Esketamine, also known as (S)-ketamine or S(+)-ketamine, is the S(+) enantiomer of ketamine, is a dissociative hallucinogen drug used as a general anesthetic and as an antidepressant for treatment of depression. It is sold under the brand names Spravato (for depression), Ketanest (for anesthesia), among others. Esketamine is the active enantiomer of ketamine in terms of NMDA receptor antagonism and is more potent than racemic ketamine.

It is specifically used as a therapy for treatment-resistant depression (TRD) and for major depressive disorder (MDD) with co-occurring suicidal ideation or behavior. Its effectiveness for depression is modest and similar to that of other antidepressants. Esketamine is not used by infusion into a vein for anesthesia as it is only FDA approved for depression in the form of an intranasal spray(The parent compound Ketamine is most often administered intravenously) and under direct medical supervision as a nasal spray.

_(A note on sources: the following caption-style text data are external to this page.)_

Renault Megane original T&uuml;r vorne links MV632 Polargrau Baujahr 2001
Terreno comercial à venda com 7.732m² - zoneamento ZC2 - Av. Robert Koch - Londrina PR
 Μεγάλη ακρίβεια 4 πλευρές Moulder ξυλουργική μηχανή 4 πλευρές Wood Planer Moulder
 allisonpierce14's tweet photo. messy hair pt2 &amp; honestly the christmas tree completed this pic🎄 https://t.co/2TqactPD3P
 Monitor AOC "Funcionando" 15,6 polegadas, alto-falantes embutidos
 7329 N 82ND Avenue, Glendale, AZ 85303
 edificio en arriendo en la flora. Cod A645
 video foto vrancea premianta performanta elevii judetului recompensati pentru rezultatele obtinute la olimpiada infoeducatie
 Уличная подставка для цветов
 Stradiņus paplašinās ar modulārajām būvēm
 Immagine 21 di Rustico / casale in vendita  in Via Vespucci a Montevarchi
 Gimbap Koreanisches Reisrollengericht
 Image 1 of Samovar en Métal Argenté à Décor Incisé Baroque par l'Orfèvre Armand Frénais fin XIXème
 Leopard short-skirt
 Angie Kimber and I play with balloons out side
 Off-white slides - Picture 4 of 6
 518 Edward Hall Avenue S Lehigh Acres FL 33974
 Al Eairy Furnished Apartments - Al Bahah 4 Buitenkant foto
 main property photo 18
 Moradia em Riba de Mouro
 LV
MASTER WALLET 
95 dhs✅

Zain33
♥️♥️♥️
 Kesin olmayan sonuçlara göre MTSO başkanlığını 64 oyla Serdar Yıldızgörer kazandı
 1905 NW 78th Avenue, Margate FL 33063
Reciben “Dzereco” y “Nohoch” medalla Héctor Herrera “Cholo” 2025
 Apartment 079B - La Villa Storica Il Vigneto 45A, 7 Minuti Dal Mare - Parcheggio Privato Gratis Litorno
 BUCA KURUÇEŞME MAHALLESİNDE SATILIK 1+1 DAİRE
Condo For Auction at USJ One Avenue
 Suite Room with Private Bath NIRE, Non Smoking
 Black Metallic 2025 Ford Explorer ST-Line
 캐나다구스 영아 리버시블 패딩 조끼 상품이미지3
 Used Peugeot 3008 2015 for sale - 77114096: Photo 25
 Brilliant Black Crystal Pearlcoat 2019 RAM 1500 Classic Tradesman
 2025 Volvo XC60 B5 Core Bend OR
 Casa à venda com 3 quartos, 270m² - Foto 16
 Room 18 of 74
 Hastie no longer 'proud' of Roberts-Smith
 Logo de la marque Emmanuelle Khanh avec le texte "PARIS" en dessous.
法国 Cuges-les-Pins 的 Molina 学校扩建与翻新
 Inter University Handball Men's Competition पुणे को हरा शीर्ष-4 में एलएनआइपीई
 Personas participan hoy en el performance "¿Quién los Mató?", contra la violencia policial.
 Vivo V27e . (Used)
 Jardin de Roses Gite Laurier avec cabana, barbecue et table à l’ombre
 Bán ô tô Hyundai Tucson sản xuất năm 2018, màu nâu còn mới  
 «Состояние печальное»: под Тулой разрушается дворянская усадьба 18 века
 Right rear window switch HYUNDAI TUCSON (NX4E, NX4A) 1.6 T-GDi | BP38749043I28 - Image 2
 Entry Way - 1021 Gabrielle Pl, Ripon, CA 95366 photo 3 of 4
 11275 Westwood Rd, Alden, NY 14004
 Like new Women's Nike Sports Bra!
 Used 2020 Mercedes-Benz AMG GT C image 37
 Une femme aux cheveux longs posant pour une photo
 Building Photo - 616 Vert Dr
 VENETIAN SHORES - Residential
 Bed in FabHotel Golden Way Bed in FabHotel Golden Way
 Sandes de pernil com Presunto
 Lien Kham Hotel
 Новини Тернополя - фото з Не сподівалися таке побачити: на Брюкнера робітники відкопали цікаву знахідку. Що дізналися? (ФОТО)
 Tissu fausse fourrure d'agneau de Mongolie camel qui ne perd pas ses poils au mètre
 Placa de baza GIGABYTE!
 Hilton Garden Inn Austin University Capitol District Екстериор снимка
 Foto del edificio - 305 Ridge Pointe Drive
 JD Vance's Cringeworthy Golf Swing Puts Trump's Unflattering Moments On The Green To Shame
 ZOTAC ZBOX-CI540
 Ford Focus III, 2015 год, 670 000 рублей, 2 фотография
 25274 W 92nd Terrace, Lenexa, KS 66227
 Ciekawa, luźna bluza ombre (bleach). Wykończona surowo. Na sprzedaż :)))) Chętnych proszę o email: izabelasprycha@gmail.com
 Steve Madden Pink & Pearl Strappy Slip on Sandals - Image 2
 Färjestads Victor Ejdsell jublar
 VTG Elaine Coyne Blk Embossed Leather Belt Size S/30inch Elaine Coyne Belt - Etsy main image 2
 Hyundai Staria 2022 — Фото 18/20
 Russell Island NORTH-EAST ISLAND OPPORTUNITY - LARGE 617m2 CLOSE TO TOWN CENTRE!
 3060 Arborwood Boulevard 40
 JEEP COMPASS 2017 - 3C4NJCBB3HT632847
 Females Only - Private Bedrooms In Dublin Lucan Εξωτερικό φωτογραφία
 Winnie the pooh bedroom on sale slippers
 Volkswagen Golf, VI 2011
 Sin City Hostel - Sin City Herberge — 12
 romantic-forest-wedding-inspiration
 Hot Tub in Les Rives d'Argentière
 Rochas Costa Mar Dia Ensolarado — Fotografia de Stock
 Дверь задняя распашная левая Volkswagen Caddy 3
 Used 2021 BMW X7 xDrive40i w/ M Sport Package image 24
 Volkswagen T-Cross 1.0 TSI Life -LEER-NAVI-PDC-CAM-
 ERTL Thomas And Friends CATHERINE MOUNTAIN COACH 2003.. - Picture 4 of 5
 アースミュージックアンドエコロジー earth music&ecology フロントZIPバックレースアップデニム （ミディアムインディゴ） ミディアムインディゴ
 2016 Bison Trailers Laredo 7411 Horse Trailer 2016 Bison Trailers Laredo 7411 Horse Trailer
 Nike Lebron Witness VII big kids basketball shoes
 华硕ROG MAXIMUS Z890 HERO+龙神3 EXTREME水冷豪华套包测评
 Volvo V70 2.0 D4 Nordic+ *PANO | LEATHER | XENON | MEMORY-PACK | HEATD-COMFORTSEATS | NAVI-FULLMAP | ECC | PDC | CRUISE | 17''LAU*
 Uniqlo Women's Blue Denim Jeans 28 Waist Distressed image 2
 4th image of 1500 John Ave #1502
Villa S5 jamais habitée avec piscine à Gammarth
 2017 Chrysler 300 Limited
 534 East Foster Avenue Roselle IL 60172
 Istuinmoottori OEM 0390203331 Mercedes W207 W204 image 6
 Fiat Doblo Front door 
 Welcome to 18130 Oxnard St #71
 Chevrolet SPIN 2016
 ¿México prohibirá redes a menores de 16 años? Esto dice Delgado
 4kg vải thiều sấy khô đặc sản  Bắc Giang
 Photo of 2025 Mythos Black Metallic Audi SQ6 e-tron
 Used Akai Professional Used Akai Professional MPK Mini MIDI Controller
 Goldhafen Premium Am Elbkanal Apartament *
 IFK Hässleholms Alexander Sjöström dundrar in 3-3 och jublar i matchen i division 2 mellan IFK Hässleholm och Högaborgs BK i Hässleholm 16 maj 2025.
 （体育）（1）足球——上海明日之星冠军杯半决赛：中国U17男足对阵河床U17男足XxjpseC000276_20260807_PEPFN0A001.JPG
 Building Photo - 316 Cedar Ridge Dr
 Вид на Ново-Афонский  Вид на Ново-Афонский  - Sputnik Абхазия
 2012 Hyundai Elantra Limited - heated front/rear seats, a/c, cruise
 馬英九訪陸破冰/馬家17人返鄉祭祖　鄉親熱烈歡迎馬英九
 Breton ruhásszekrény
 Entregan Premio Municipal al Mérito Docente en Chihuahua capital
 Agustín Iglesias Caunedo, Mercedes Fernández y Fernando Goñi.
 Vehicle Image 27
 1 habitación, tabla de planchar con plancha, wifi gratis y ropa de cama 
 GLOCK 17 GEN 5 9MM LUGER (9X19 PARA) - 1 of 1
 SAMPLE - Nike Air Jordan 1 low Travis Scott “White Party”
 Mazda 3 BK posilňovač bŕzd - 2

Adverse effects of esketamine include dissociation, dizziness, sedation, nausea, vomiting, vertigo, numbness, anxiety, lethargy, increased blood pressure, and feelings of drunkenness. Less often, esketamine can cause bladder problems. Esketamine acts primarily as a N-methyl-D-aspartate (NMDA) receptor antagonist but also has other actions.

In the form of racemic ketamine, esketamine was first synthesized in 1962 and introduced for medical use as an anesthetic in 1970. Enantiopure esketamine was introduced for medical use as an anesthetic in 1997 and as an antidepressant in 2019. It is used as an anesthetic in the European Union and as an antidepressant in the United States and Canada. Due to misuse liability as a dissociative hallucinogen, esketamine is a controlled substance.

Medical uses

Anesthesia
Esketamine is a general anesthetic and is used for similar indications as ketamine. Such uses include induction of anesthesia in high-risk patients such as those with hemorrhagic shock, anaphylactic shock, septic shock, severe bronchospasm, severe hepatic insufficiency, cardiac tamponade, and constrictive pericarditis; anesthesia in caesarian section; use of multiple anesthetics in burns; and as a supplement to regional anesthesia with incomplete nerve blocks.

Depression
Esketamine is approved under the brand name Spravato in the form of a nasal spray added to a conventional antidepressant as a therapy for treatment-resistant depression (TRD) as well as major depressive disorder (MDD) associated with suicidal ideation or behavior in adults in the United States. In the clinical trials that led to approval of esketamine, TRD was defined as MDD with inadequate response to at least two different conventional antidepressants. The nasal spray formulation of esketamine used for depression delivers two sprays containing a total of 28 mg esketamine and doses of 56 mg (2 devices) to 84 mg (3 devices) are used. The recommended dosage of Spravato is 56 mg on day 1, 56 or 84 mg twice per week during weeks 1 to 4, 56 or 84 mg once per week during weeks 5 to 8, and 56 or 84 mg every 2 weeks or once weekly during week 9 and thereafter. Dosing is individualized to the least frequent dosing necessary to maintain response or remission. Spravato is administered under the supervision of a healthcare provider and patients are monitored for at least 2 hours during each treatment session. Due to concerns about sedation, dissociation, and misuse, esketamine is available for treatment of depression only from certified providers through a restricted program under a Risk Evaluation and Mitigation Strategy (REMS) called Spravato REMS.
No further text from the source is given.